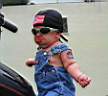coolbaby.jpg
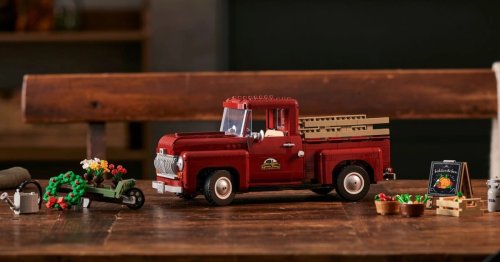 lego classic 1600 pieces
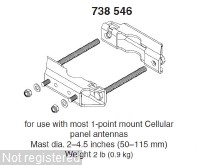 Bkt-738-546-Kathrein-Data_640p.jpg  (51.6 Kb)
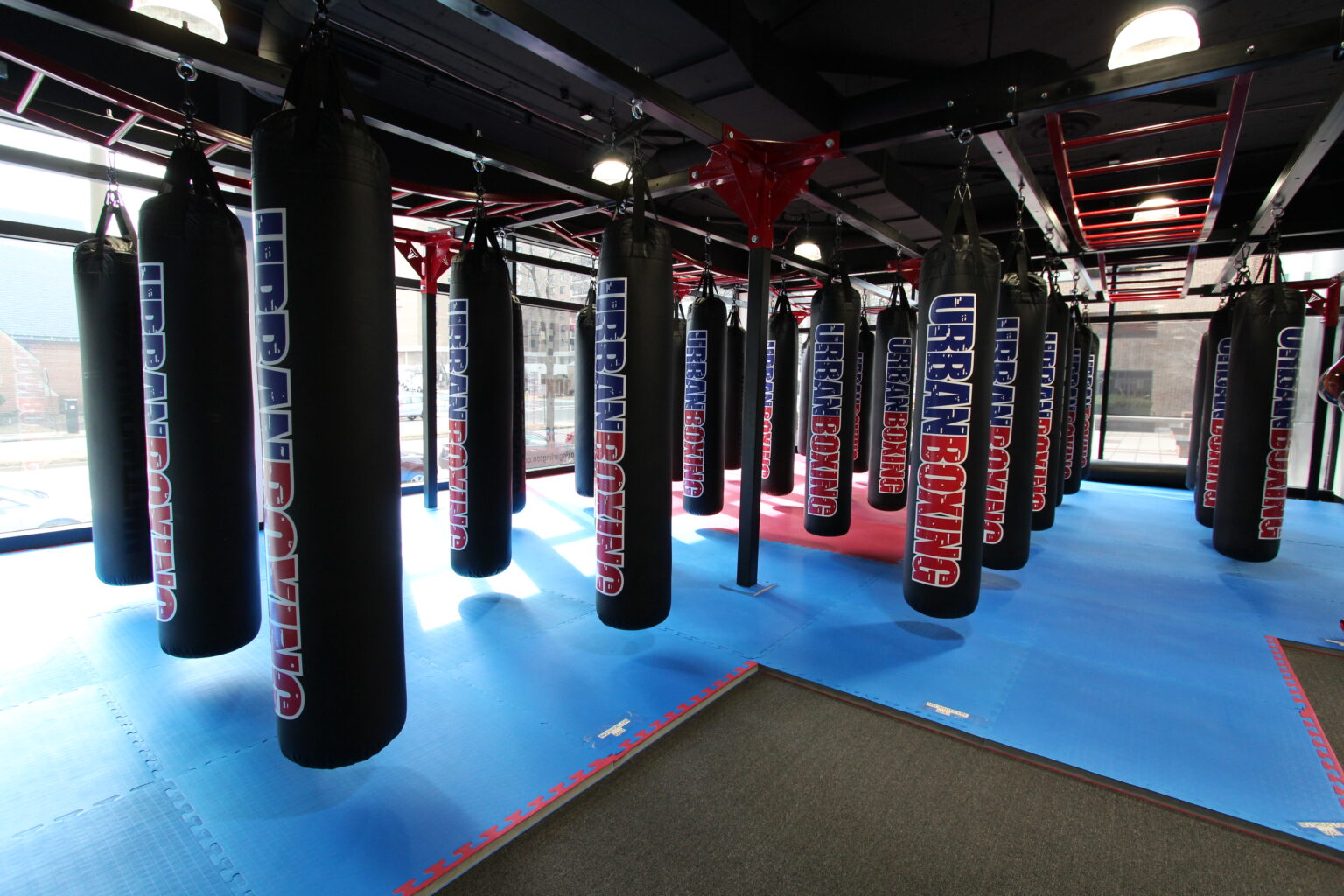 UrbanBoxingFinishedPhoto2-1536x1024
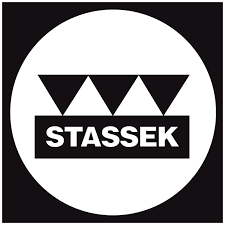 Stassek Diversit Bild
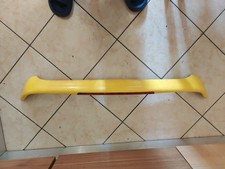Spoiler posteriore fiat usato  Vigonovo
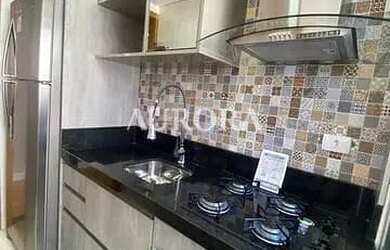 Imagem 4: Apartamento no Spazio Louvre à venda, Gleba Fazenda Palhano, Londrina,...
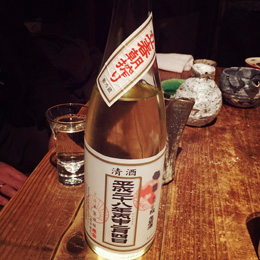 f0000211_15145175.jpg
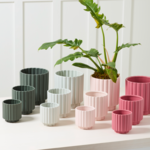 CARMEN CERAMIC COLLECTION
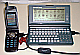 HP200LX$B$H(BKX-HV200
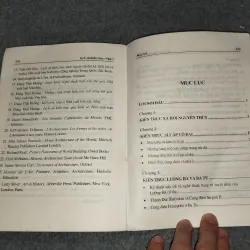 LỊCH SỬ KIẾN TRÚC TẬP I 698923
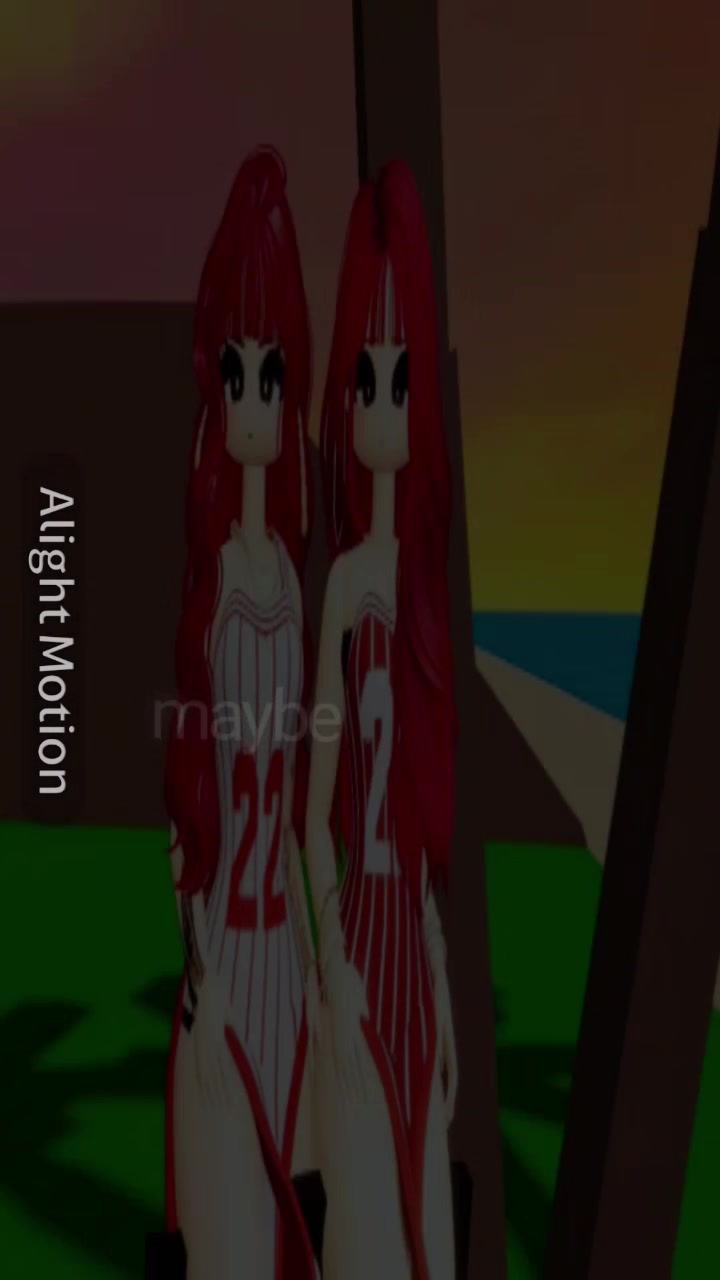 @𑣲𝐀𝐤𝐢𝐚ꨄ︎.ᐟ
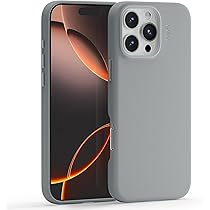 Amazon.co.jp: MOFT【公式直営店】iPhone 16 Pro Max ケース MagSafe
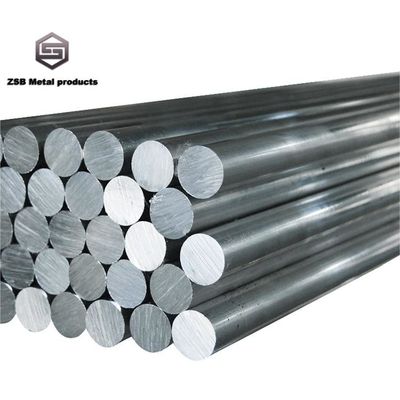 1mm Stainless Steel Rod Home Depot 304 Stainless Steel Round Bar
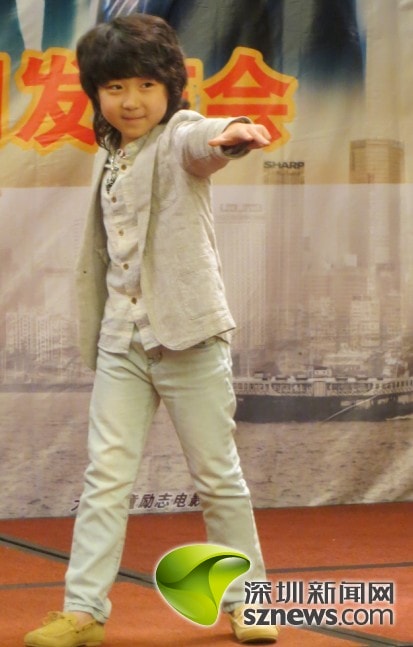 http://www.119127.cn/pics/default/download/f13862523a37fadff29f9b2101ac29c4.jpg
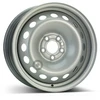 Image de ALCAR 7395 Jante Rims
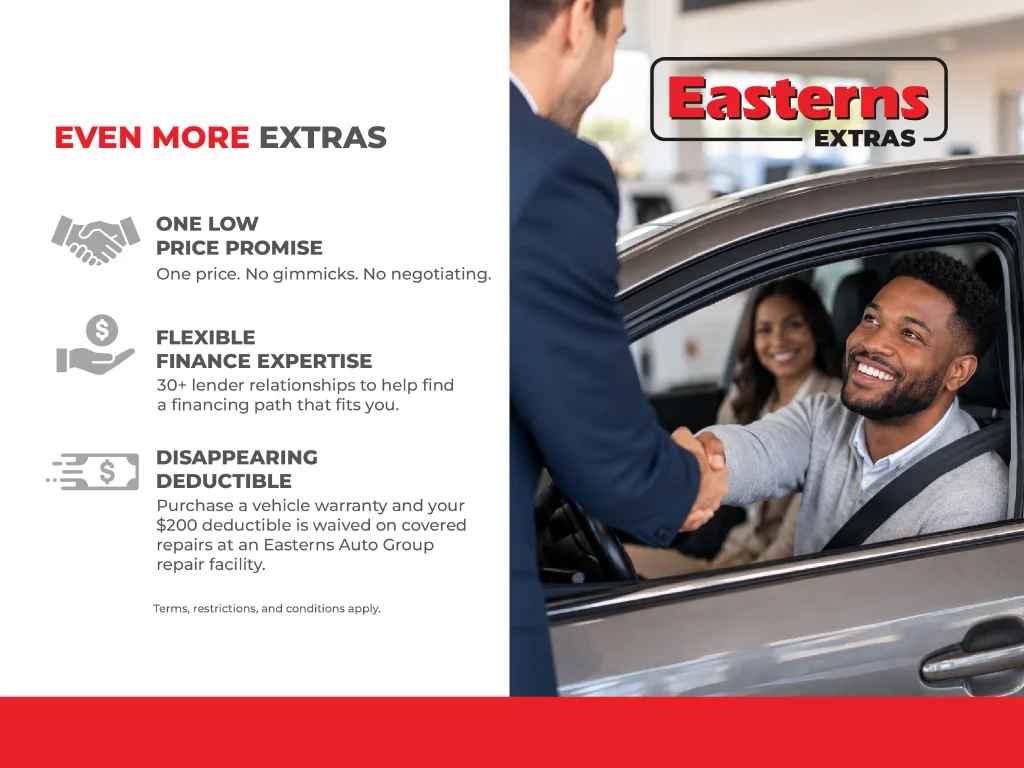 Used 2020 White Toyota SR image 3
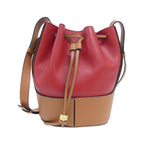 Loewe Balloon Small 326 Shoulder Bag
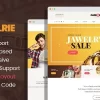 Cashelrie Pawn Shop WordPress Theme 1.2.0破解版主题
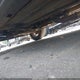 1FMCU9GX9DUD30349 2013 Ford Escape Se auction photo thumbnail 12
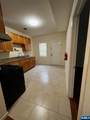 159 Montgomery - Photo 10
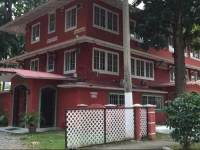 Hostal Amador Familiar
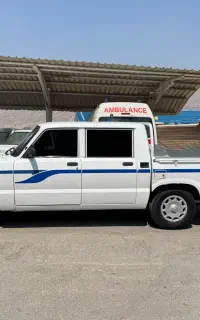 وانت مزدا دوکابین کارا  2000  مدل ۹۸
--------------------------------
▸ Directions: Skip the pictures, then retype every line above exactly.

▸ Solution to this exercise:
coolbaby.jpg
 lego classic 1600 pieces
 Bkt-738-546-Kathrein-Data_640p.jpg  (51.6 Kb)
 UrbanBoxingFinishedPhoto2-1536x1024
 Stassek Diversit Bild
Spoiler posteriore fiat usato  Vigonovo
 Imagem 4: Apartamento no Spazio Louvre à venda, Gleba Fazenda Palhano, Londrina,...
 f0000211_15145175.jpg
 CARMEN CERAMIC COLLECTION
 HP200LX$B$H(BKX-HV200
 LỊCH SỬ KIẾN TRÚC TẬP I 698923
 @𑣲𝐀𝐤𝐢𝐚ꨄ︎.ᐟ
 Amazon.co.jp: MOFT【公式直営店】iPhone 16 Pro Max ケース MagSafe
 1mm Stainless Steel Rod Home Depot 304 Stainless Steel Round Bar
 http://www.119127.cn/pics/default/download/f13862523a37fadff29f9b2101ac29c4.jpg
 Image de ALCAR 7395 Jante Rims
 Used 2020 White Toyota SR image 3
 Loewe Balloon Small 326 Shoulder Bag
 Cashelrie Pawn Shop WordPress Theme 1.2.0破解版主题
 1FMCU9GX9DUD30349 2013 Ford Escape Se auction photo thumbnail 12
 159 Montgomery - Photo 10
 Hostal Amador Familiar
 وانت مزدا دوکابین کارا  2000  مدل ۹۸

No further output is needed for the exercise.